The Home Depot video page is broken into 12 common home improvement categories, and each category has simple yet informative videos that range from DIY projects like how to install a ceiling fan to evaluating products and how to select a pressure washer. These videos are short (typically 2-5 minutes) and easy to comprehend. Not only do the videos provide knowledge to customers who are actively seeking it in the stores, but also for those who are searching online.
For example, one of the most commonly typed Google searches for “How to install” is for toilets. Depending on your personalized history, the Home Depot video for Installing a Toilet should pop up in the top 10. On mine it was number five – sorry Home Depot, there’s a Lowe’s a mile from my house and Google knows. Despite that though, Home Depot’s video is broken down step-by-step and also transcribed. Not only do they benefit from the video content, but the copy on the landing page. This is just one of hundreds of how-to videos they’ve done, and they’re seeing results. According to Reuters, Home Depot has first quarter sales that are better than expected.
Not only has Home Depot posted videos that help their customers, they’ve also taken to Vine. The description they lead with on their home page is, “Let’s do what it takes to go from to-do to done. Get the latest tips and tricks to unleash the doer in you. Tell us what project you are working on. #LetsDoThis.” With visually stimulating, six-second videos that show projects from start to finish, they’re giving creative ideas to DIYers everywhere, standing out among their competitors.

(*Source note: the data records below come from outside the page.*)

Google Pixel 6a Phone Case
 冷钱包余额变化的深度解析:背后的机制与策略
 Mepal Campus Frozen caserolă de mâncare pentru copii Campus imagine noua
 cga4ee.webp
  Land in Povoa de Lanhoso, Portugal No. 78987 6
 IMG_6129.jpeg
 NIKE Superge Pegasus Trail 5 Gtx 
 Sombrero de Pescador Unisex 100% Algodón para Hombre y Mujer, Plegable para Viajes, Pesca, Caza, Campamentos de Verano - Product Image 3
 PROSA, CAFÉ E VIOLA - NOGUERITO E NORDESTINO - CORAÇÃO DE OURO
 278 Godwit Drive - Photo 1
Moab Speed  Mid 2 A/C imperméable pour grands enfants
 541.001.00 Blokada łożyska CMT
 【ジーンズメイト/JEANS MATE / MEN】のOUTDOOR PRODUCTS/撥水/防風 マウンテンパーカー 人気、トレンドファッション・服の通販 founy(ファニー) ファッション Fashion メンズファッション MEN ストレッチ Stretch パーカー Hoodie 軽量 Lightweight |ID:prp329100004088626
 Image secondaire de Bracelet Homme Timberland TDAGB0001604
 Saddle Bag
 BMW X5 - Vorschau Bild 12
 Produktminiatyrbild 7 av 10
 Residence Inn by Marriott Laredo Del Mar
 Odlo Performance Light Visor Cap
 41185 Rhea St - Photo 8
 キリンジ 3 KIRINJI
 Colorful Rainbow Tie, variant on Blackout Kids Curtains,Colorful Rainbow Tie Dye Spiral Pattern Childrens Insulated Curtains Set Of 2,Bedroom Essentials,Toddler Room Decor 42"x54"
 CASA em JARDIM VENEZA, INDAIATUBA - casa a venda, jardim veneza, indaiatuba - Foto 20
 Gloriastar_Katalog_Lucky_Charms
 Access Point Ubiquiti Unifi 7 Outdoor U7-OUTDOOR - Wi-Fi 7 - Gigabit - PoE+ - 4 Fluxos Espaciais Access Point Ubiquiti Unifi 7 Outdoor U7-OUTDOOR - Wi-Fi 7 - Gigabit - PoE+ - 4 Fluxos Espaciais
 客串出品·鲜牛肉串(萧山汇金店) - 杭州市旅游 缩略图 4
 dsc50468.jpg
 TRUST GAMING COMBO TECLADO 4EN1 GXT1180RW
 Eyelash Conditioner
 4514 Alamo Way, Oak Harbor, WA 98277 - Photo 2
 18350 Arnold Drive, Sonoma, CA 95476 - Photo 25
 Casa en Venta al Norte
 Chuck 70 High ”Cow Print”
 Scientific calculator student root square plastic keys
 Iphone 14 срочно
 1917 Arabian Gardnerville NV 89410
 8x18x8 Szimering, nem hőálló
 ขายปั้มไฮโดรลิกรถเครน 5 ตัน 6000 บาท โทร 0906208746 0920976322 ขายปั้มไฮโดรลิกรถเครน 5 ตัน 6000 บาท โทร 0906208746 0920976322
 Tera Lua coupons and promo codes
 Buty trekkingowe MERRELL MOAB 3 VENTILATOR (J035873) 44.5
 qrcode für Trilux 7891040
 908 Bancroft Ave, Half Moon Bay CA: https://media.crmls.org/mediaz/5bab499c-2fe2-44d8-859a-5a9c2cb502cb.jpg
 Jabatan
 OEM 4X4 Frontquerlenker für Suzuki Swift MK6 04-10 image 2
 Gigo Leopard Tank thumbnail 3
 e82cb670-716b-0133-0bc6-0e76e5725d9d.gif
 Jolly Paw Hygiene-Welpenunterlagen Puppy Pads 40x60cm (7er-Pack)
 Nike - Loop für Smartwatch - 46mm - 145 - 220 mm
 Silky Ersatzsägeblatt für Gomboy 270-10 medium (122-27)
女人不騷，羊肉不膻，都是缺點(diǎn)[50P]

Even better is the fact that fans and customers are creating content to share through this channel. For instance, @Khoa has shared several Vines for #SpringMadeSimple (including my favorite for an upright garden) that combine visual content with a purpose. REI Digital Engagement Program Manager Paolo Mottola agrees saying, “I’m a big fan of content that provides utility.”
So what can we learn from Home Depot’s video content marketing strategy that you can start doing tomorrow?
- Ask what your customers are asking in the “how to” department and answer those questions. This serves two purposes: helping your current customers and potentially getting ranked and recognized by new customers.
- Make it easy for your customers and clients to share projects they do that involve your company, its products or services. Anybody can have a boring testimonial page. Your customers and brand advocates will surprise you with what they can contribute.
- If you’re making videos, make them short, to the point, and helpful. People only have an 8-second attention span when deciding if they’ll stay on a landing page. Do you think they’ll sit through 10 minutes of video?